Canny
new car buyers are turning savings from scrappage into profits when they
resell.
Healthy
demand for certain second-hand cars, coupled with low levels of availability in
the used car market, means that many consumers benefitting from the Government's
vehicle scrappage scheme currently have the option of selling their new car for
a tidy profit.
Glass's,
publisher of motor dealer ‘bible' Glass's Guide, says that for in-demand
superminis such as the new Ford Fiesta, Fiat 500 and Citroen C1, a profit of up
to £1,100 could be available if the consumer had received the full scrappage
trade-in discount and then sold their new car privately after taking delivery.
"The potential profit is greatest for those
cars where the nearly-new value is currently high in relation to the list
prices; notably small, affordable cars with low running costs," explains Adrian
Rushmore, Managing Editor at Glass's.
"Extended
new-car delivery times are supporting these windfall profits, because
prospective buyers not eligible for the scheme are more likely to gravitate
towards second-hand examples - indirectly boosting residual values - rather
than suffering the wait for a new model.
"We expect that some franchised dealers will
be pleased to secure unused examples of these popular, newly-registered cars,
despite the inflated prices, because their demonstrator stocks have been
depleted over recent months. It is likely they would find a buyer quickly
and still clear an acceptable profit."
Rushmore
points out that the scrappage scheme brings significant benefits for all
consumers who subscribe to the scheme, including the vast majority who are
expected to retain, rather than sell, their new car. "Customers that
choose to keep their purchases can be reassured by the fact that they will have
minimised the effects of depreciation during their period of ownership.
It is well within the realms of possibility that these customers will
experience zero depreciation over the first 18 months," he adds.
"The highly
publicised scrappage scheme is having a ‘halo effect' that benefits much of the
used car market," says Rushmore. "The vast majority of car buyers
entering the market will continue to be trading up from a car that is under 10
years old, and therefore not eligible for the £2,000 scrappage bonus.

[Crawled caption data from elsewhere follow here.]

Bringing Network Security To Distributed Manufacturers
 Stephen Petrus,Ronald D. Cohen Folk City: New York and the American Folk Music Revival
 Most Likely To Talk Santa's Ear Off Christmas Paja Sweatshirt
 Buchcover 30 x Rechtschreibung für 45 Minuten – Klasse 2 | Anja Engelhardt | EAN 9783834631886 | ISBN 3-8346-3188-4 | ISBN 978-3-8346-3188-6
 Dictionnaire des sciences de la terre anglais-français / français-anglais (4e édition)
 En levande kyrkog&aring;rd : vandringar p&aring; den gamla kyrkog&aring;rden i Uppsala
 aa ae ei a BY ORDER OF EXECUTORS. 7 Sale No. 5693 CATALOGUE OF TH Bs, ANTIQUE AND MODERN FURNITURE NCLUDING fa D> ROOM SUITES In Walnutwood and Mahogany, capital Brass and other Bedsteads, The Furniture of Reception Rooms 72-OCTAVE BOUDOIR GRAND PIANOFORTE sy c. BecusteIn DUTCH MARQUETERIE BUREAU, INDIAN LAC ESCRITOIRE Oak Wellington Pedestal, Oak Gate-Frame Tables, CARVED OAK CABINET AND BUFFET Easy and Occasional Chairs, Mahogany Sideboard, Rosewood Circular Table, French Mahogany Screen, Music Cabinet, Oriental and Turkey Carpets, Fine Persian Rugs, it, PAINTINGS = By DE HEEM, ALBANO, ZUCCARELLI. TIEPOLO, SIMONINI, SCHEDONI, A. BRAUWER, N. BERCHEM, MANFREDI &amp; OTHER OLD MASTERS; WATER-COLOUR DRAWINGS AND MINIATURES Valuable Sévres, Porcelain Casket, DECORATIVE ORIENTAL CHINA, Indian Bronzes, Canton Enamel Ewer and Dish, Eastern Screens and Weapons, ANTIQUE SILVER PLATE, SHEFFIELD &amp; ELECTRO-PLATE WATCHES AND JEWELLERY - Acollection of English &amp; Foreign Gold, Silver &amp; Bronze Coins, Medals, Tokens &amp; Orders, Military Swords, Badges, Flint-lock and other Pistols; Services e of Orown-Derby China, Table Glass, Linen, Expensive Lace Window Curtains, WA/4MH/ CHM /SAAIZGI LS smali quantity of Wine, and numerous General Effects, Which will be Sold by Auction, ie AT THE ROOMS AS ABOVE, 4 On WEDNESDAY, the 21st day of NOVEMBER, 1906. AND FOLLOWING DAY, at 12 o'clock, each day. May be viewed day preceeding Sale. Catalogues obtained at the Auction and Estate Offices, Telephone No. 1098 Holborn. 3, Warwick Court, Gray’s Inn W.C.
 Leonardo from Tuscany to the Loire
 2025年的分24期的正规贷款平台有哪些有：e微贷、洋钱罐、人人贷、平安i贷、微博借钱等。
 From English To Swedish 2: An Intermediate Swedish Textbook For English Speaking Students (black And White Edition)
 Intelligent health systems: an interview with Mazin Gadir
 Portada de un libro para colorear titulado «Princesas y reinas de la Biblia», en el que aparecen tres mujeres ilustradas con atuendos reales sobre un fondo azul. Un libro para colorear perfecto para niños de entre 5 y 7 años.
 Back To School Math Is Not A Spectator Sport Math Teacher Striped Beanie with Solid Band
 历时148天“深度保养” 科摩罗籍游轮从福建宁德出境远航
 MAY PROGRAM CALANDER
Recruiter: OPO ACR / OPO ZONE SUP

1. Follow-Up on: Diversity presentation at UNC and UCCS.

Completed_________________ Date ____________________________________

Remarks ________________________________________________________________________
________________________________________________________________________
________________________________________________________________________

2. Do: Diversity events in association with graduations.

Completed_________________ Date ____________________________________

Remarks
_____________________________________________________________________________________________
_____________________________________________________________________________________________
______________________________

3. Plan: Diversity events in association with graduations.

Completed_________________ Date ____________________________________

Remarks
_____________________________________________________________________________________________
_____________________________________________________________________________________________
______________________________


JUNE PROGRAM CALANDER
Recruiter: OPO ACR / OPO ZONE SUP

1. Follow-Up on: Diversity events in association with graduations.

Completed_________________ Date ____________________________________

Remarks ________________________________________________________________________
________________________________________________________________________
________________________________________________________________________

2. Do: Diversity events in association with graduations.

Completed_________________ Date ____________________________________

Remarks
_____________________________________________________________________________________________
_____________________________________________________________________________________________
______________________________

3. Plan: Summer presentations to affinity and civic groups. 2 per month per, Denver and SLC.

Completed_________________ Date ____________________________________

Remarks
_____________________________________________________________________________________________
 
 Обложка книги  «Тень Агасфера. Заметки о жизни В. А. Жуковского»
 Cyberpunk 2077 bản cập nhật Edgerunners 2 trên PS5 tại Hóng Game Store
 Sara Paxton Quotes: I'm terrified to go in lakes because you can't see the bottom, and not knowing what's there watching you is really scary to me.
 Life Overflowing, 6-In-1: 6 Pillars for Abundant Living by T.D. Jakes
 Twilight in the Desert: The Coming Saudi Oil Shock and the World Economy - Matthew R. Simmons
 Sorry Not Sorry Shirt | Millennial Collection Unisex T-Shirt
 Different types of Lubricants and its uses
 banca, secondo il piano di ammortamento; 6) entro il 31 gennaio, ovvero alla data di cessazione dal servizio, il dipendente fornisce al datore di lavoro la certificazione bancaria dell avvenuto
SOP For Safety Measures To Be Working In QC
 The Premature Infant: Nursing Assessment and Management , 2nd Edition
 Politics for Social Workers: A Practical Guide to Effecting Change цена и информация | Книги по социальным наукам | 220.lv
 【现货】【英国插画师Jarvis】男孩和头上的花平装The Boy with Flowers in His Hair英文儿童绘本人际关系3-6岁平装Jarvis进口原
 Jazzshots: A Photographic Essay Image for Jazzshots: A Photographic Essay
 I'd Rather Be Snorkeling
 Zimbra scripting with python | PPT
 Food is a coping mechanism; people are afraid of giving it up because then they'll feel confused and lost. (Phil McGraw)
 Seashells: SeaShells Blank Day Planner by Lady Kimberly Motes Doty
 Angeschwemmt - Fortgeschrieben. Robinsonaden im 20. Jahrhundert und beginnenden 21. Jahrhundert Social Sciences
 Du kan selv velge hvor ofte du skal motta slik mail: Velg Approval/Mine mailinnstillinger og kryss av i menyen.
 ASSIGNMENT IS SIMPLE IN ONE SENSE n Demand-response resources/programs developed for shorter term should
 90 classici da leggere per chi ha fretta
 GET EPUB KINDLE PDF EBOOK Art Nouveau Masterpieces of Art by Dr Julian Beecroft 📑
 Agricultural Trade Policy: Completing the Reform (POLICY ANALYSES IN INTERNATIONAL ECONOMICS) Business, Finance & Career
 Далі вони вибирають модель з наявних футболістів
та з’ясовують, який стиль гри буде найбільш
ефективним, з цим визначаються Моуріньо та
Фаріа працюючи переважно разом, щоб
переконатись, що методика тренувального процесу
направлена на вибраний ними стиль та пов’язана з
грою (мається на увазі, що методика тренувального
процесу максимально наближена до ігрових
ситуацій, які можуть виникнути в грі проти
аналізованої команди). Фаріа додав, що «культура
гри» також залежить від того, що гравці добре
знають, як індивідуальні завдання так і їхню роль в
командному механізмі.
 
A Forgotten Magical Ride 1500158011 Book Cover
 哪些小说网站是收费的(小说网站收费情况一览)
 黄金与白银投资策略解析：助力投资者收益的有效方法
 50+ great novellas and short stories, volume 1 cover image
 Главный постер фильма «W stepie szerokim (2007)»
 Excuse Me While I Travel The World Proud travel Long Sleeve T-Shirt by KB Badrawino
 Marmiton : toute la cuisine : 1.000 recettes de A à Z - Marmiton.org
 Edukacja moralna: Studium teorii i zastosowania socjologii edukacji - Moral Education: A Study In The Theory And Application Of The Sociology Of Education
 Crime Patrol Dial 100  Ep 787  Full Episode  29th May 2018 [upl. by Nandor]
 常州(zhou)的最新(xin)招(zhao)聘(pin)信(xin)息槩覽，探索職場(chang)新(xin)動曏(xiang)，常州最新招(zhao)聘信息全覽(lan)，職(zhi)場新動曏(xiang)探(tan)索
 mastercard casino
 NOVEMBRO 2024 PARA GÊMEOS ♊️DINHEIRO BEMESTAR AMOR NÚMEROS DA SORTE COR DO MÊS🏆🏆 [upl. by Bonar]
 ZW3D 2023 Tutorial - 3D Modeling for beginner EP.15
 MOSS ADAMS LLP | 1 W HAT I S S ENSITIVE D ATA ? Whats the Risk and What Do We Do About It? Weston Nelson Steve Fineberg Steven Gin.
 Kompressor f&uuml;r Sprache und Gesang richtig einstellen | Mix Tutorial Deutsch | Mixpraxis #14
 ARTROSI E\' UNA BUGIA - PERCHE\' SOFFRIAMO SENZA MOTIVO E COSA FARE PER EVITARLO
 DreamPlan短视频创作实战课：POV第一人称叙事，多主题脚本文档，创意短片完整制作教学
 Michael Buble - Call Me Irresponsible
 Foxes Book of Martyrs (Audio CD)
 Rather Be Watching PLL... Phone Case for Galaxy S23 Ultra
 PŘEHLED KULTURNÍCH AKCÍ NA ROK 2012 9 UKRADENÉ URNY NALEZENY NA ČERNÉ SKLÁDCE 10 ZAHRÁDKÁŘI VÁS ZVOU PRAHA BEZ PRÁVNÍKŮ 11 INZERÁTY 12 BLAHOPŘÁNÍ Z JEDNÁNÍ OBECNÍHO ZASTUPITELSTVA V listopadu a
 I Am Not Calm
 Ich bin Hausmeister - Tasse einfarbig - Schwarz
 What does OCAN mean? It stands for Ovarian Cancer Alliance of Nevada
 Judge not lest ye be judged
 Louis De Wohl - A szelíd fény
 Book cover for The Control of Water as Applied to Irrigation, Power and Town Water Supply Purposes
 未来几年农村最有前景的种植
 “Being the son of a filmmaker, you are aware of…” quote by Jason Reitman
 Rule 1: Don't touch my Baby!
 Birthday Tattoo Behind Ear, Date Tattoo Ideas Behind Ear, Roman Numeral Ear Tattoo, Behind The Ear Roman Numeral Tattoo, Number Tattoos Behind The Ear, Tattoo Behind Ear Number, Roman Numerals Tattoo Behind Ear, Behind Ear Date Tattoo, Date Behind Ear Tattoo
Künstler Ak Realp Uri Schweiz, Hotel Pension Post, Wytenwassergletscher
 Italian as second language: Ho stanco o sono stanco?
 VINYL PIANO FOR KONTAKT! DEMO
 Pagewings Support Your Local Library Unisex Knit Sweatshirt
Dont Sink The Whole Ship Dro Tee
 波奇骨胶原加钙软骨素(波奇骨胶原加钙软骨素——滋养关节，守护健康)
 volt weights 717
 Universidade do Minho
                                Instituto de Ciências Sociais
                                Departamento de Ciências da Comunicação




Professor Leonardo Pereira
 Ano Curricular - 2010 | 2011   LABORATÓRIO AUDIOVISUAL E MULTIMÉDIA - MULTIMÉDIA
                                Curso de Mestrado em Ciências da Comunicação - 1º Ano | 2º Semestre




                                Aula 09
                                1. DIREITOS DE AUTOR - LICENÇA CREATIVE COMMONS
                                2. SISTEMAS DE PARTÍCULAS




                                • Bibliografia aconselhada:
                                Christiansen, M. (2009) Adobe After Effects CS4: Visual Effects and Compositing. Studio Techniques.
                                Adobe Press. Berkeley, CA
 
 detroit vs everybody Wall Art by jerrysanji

This means that used car prices will be unaffected," concludes Rushmore.
"Our only
negative observation concerns the availability of many small cars. Some
were in short supply before the scheme was announced, and it is possible that
certain models simply won't be available within the scheme's stipulated 16-week
timeframe for delivery.
"This
situation will be aggravated if manufacturers limit supply to the UK because of
the low value of sterling against the euro, recognising that it may be more
profitable for them to support scrappage schemes elsewhere in Europe."